Apply IQR-Based Top and Bottom Coding to LIS/LWS Variables — apply_iqr_top_bottom

This function performs top and/or bottom coding on a specified variable across a list of LIS/LWS datasets. It applies an interquartile range (IQR)-based rule on the log() transformation of the variable. Optionally, weights can be supplied, and the transformation can be one- or two-sided.

Usage

apply_iqr_top_bottom_coding(
  data_list,
  var_name,
  wgt_name = NULL,
  times = 3,
  one_sided = NULL,
  type = c("type_4", "type_2")
)

Arguments

data_list: A named list of data frames, from LIS or LWS microdata.
var_name: Character string. Name of the variable to code (e.g., "dhi").
wgt_name: Optional character string. Name of the weight variable to use in computing weighted percentiles.
times: Numeric. The IQR multiplier for determining bounds (default is 3).
one_sided: Character. Set to "top", "bottom", or NULL for two-sided coding.
type: Character. Type of quantile estimator to use (default is "type_4").

Value

A list of data frames with the same structure as data_list, where var_name has been adjusted by bounding extreme values according to an IQR rule.

Details

The function:

Transforms the variable to log() scale (logarithmic transformation).
Replaces invalid log-values (e.g. from log(0) or negatives) with zero.
Computes the IQR (interquartile range) on the log-transformed variable using weighted percentiles.
Caps values beyond \([Q1 - times * IQR, Q3 + times * IQR]\) on the original scale using exp().

Regarding LWS datasets:

Datasets with multiple imputations (via inum) are detected automatically.
Top and bottom coding is applied within each imputation group in such datasets.
Datasets without inum, or with only a single imputation, are processed normally.
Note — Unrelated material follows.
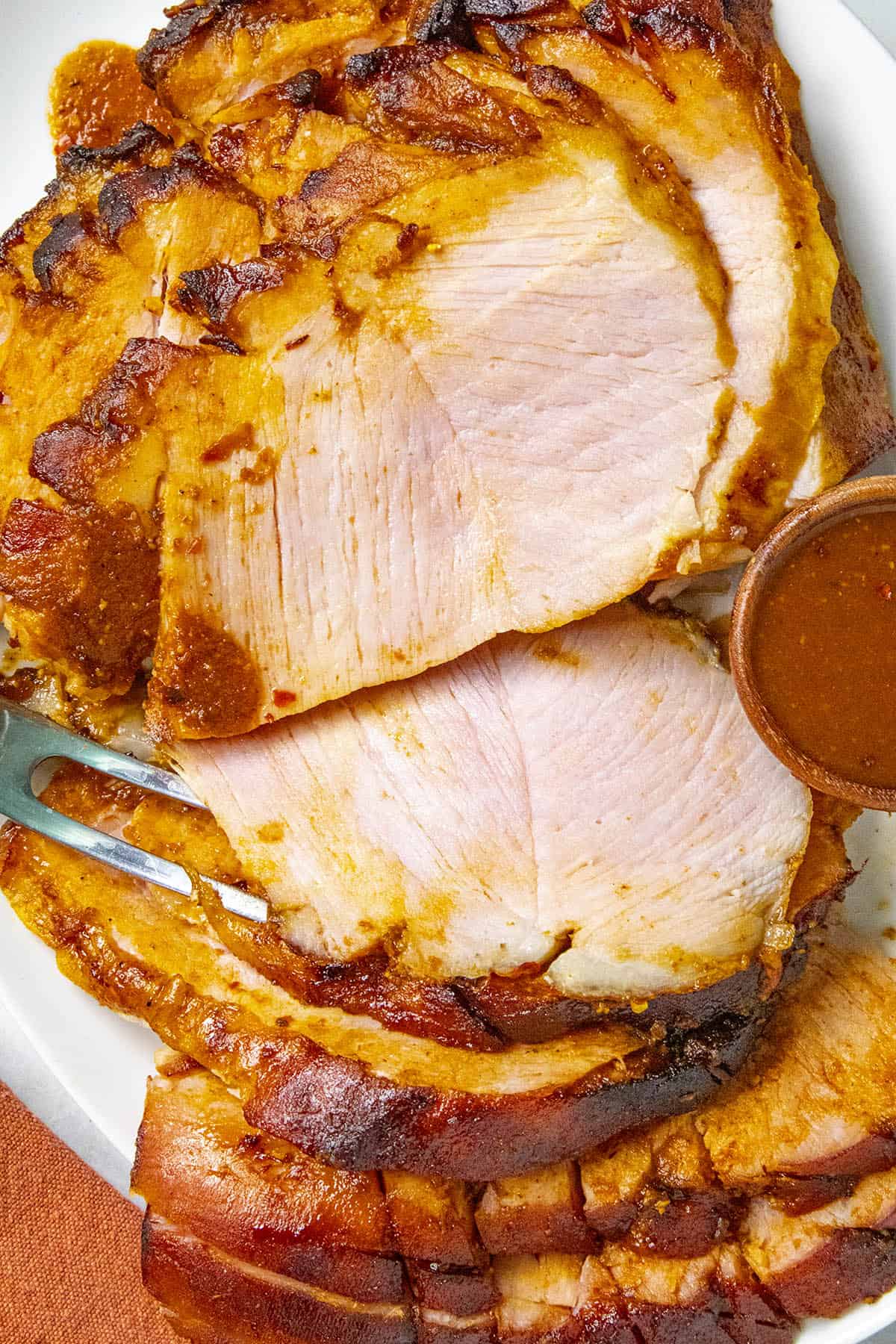 Sliced Chipotle-Honey Glazed ham on a plate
A warning is issued if the variable level (e.g. household vs individual) seems inconsistent with the dataset structure.

Examples

if (FALSE) { # \dontrun{ 
library(lissyrtools)
library(dplyr)

# Import data, ideally at the level of the variable of interest.
data_hhd <- lissyuse("au", vars = c("dhi"), from = 2016)

# Default case, where top and bottom coding is performed simultaneously
data_hhd[1]  %>%
 purrr::map(~ .x[!is.na(.x$dhi), ]) %>%
 purrr::map(~ .x %>% mutate(new_wgt = nhhmem * hwgt)) %>%
 apply_iqr_top_bottom_coding("dhi", "hwgt", times = 3) %>% 
 run_weighted_mean("dhi", "new_wgt")

# Example with the use or arguments `one_sided` = {"top", "bottom"} and `type`
data_hhd[1]  %>%
 purrr::map(~ .x[!is.na(.x$dhi), ]) %>%
 purrr::map(~ .x %>% mutate(new_wgt = nhhmem * hwgt)) %>%
 apply_iqr_top_bottom_coding("dhi", "hwgt", one_sided = "top", type = "type_2") %>% 
 run_weighted_mean("dhi", "new_wgt")

# Load individual-level datasets by selecting individual-level variables, if the target variable is at the individual level (e.g., "pilabour")
data_ind <- lissyrtools::lissyuse("au", vars = c("pilabour", "emp"), from = 2016)

data_ind[1]  %>%
 purrr::map(~ .x[!is.na(.x$pilabour), ] %>% filter(emp ==1)) %>%
 apply_iqr_top_bottom_coding("pilabour", "ppopwgt") %>% 
 run_weighted_percentiles("pilabour", "ppopwgt", probs = seq(0.1, 0.9,0.1))
} # }